*Task*.
Each record should be returned exactly as it is written.

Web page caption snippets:

——————

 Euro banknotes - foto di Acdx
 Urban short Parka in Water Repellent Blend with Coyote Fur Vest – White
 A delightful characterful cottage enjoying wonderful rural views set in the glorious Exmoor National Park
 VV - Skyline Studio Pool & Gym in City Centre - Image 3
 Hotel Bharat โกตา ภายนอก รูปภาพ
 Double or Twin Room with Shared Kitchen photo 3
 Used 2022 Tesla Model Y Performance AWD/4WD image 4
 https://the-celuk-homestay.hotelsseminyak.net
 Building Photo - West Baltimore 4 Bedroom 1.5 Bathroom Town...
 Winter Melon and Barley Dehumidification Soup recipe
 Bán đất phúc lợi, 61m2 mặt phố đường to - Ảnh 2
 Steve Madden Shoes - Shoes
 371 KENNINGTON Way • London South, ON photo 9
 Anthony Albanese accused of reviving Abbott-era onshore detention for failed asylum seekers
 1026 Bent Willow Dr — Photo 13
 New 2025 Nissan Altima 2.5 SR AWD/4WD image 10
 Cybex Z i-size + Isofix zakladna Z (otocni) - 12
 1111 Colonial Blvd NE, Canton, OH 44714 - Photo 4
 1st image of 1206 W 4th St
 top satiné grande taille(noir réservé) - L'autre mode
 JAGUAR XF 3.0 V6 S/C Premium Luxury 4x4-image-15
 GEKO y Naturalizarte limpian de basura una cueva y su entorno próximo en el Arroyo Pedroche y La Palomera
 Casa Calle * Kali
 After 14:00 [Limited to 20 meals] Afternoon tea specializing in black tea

——————

*Task result*.
 Euro banknotes - foto di Acdx
 Urban short Parka in Water Repellent Blend with Coyote Fur Vest – White
 A delightful characterful cottage enjoying wonderful rural views set in the glorious Exmoor National Park
 VV - Skyline Studio Pool & Gym in City Centre - Image 3
 Hotel Bharat โกตา ภายนอก รูปภาพ
 Double or Twin Room with Shared Kitchen photo 3
 Used 2022 Tesla Model Y Performance AWD/4WD image 4
 https://the-celuk-homestay.hotelsseminyak.net
 Building Photo - West Baltimore 4 Bedroom 1.5 Bathroom Town...
 Winter Melon and Barley Dehumidification Soup recipe
 Bán đất phúc lợi, 61m2 mặt phố đường to - Ảnh 2
 Steve Madden Shoes - Shoes
 371 KENNINGTON Way • London South, ON photo 9
 Anthony Albanese accused of reviving Abbott-era onshore detention for failed asylum seekers
 1026 Bent Willow Dr — Photo 13
 New 2025 Nissan Altima 2.5 SR AWD/4WD image 10
 Cybex Z i-size + Isofix zakladna Z (otocni) - 12
 1111 Colonial Blvd NE, Canton, OH 44714 - Photo 4
 1st image of 1206 W 4th St
 top satiné grande taille(noir réservé) - L'autre mode
 JAGUAR XF 3.0 V6 S/C Premium Luxury 4x4-image-15
 GEKO y Naturalizarte limpian de basura una cueva y su entorno próximo en el Arroyo Pedroche y La Palomera
 Casa Calle * Kali
 After 14:00 [Limited to 20 meals] Afternoon tea specializing in black tea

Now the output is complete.